Devant tant d’engouement pour la désobéissance civile, néanmoins, on finit quand même par se demander comment un gouvernement – sinon réellement démocratique, du moins faible – a, il y a un an à peine, réussi à imposer à ces mêmes usagers des contrôles (à prétexte virologique) encore bien moins légitimes que ceux des billets en période de grèves à répétition.

« Ausweis, papiers, c’est la police française ! »

Il faut croire que ces usagers reconnaissent plus facilement aux « autorités » le droit de les insulter, de les brimer et finalement de les empoisonner que celui de réduire leur pouvoir d’achat – que ce soit par taxation ou par diminution quantitative ou qualitative des prestations. Ils en veulent pour leur argent.

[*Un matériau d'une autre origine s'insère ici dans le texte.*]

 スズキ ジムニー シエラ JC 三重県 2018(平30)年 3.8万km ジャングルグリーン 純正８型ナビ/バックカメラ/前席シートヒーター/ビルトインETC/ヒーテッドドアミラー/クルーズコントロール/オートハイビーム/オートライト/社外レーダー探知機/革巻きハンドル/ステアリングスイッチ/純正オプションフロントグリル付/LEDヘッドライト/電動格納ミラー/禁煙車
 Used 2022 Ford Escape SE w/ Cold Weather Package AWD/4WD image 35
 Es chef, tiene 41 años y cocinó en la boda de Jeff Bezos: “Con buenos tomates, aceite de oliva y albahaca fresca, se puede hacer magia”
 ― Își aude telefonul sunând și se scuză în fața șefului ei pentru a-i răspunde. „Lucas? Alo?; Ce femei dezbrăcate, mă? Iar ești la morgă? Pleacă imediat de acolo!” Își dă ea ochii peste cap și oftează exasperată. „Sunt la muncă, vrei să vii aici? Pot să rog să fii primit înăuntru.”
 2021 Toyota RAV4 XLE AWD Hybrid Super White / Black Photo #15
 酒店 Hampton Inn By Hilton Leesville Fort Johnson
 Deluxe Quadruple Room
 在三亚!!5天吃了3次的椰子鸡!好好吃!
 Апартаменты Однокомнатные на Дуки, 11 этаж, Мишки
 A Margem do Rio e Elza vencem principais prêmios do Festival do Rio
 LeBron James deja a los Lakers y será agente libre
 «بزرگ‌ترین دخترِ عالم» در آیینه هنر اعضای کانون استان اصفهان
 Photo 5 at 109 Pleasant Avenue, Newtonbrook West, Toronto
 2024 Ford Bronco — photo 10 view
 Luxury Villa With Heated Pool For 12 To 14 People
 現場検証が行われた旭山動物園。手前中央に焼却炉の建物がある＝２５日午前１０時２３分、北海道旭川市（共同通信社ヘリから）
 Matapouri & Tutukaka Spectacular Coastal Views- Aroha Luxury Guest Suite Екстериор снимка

Mais finalement, de quoi s’étonne-t-on ? Longtemps avant le Great Reset, ces mêmes usagers (à part quelques mauvais coucheurs de la CGT en Lorraine) avaient aussi accepté la désindustrialisation, la tertiarisation, le féminisme et tout ce qui s’ensuit, parce que jouir en s’endettant est quand même plus confortable que s’enrichir en travaillant. Dans l’Occident finissant, c’est le consommateur qui fait parfois encore preuve d’un peu de combativité – pas le citoyen. Si on veut s’en sortir, tôt ou tard, il faudra se demander pourquoi. En attendant, tout cela peut et doit nous rappeler la célèbre maxime d’Ernst Jünger : « la condition d’animal domestique entraîne celle de bête de boucherie ».